*Your assignment*
Omit the images, then repeat the listing exactly.

*The data*
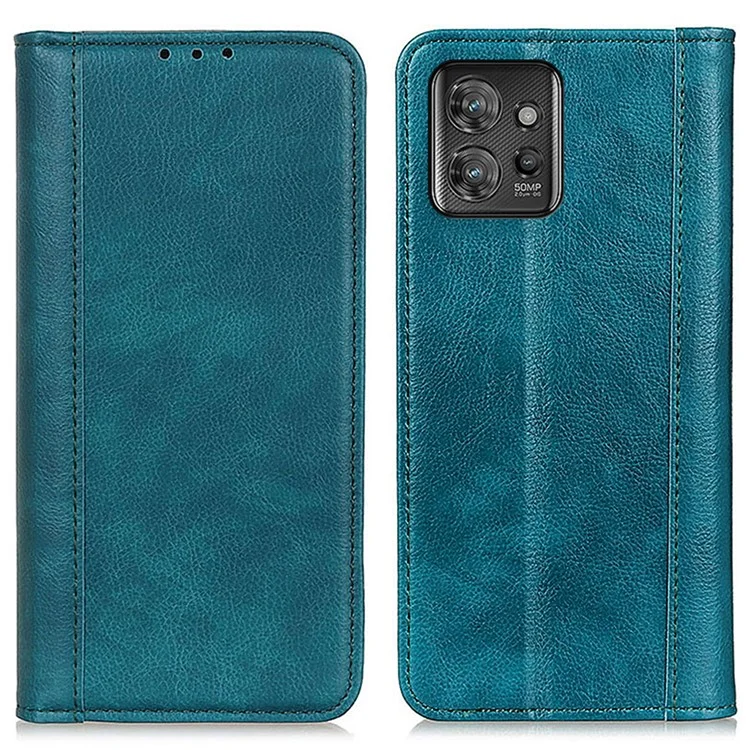 Pour Motorola ThinkPhone 5G Coque de téléphone antichoc Texture Litchi Housse en cuir à rabat avec support portefeuille - Vert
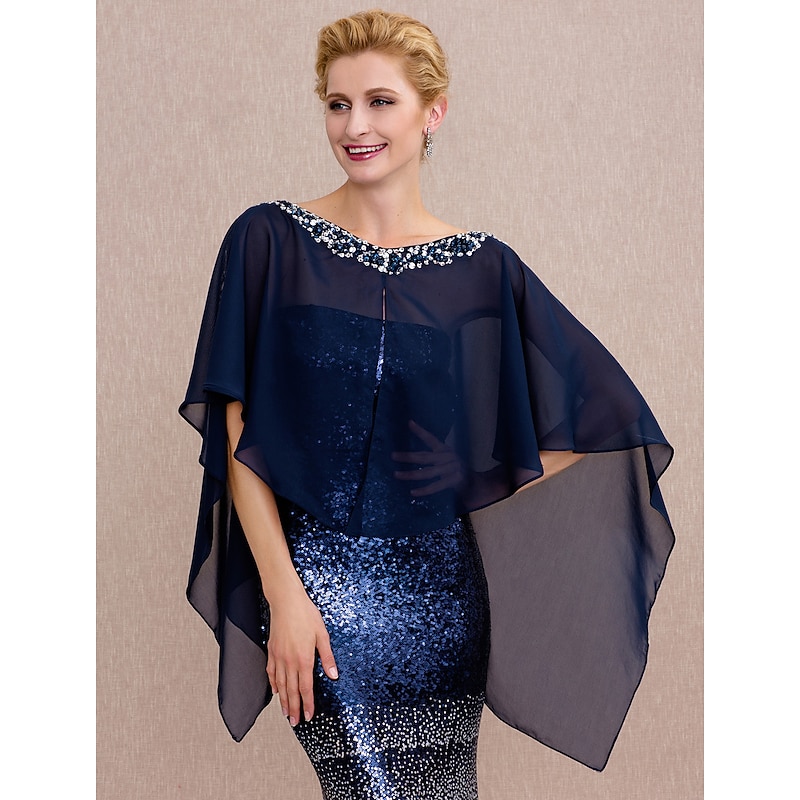 Capes Chiffon Wedding Guest / Party / Evening Women's Wrap With Buttons / Beading dress to impress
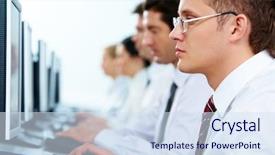  Presentation with rowing - Theme with team rowing - smart businessmen typing in line background and a sky blue colored foreground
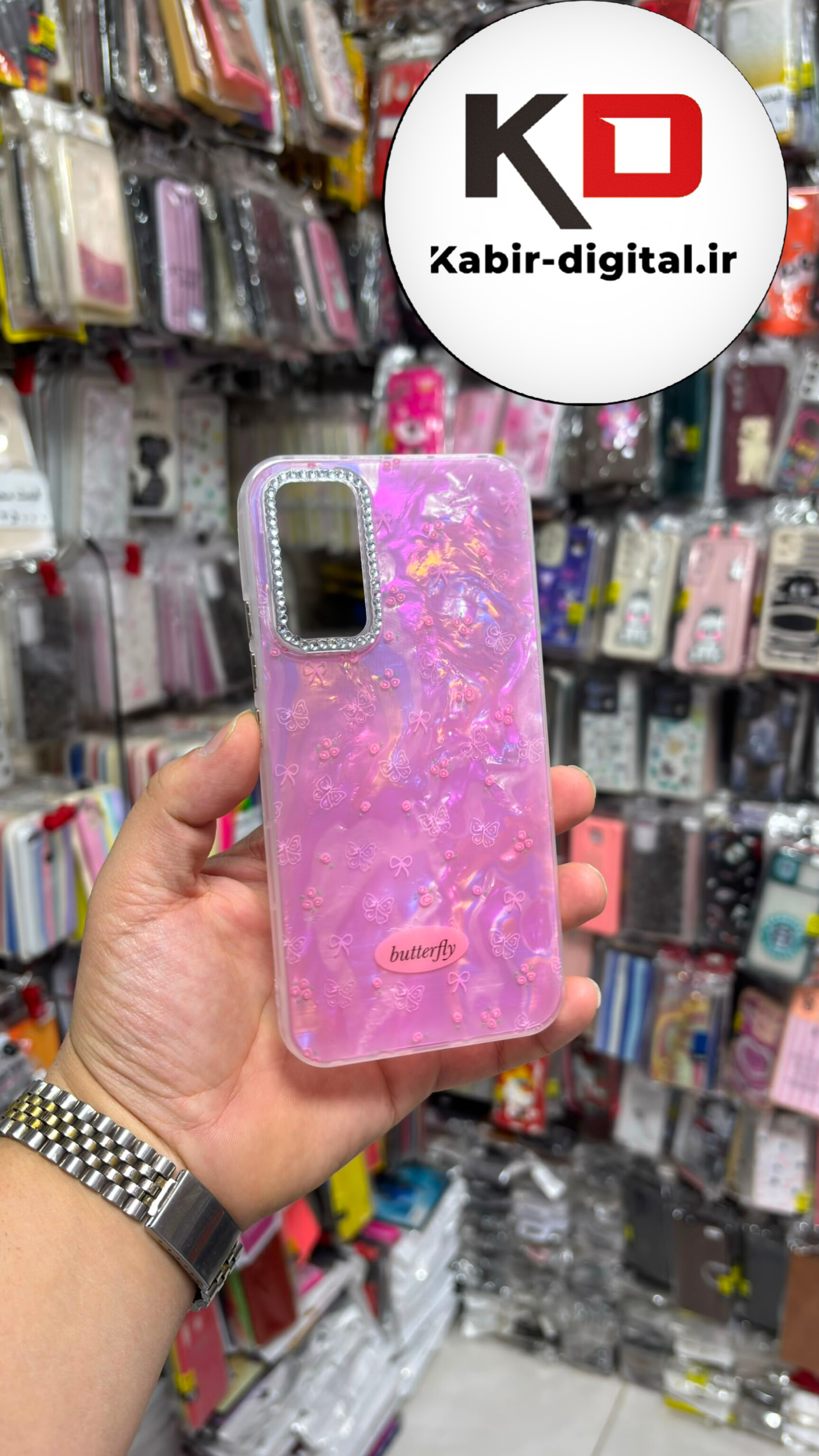 قاب گوشی Galaxy A34 سامسونگ  Crystal Case نگین دار لوکس شفاف اکلیلی رزینی ماربل صورتی لنز نگین دار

*Completed exercise*
 Pour Motorola ThinkPhone 5G Coque de téléphone antichoc Texture Litchi Housse en cuir à rabat avec support portefeuille - Vert
 Capes Chiffon Wedding Guest / Party / Evening Women's Wrap With Buttons / Beading dress to impress
  Presentation with rowing - Theme with team rowing - smart businessmen typing in line background and a sky blue colored foreground
 قاب گوشی Galaxy A34 سامسونگ  Crystal Case نگین دار لوکس شفاف اکلیلی رزینی ماربل صورتی لنز نگین دار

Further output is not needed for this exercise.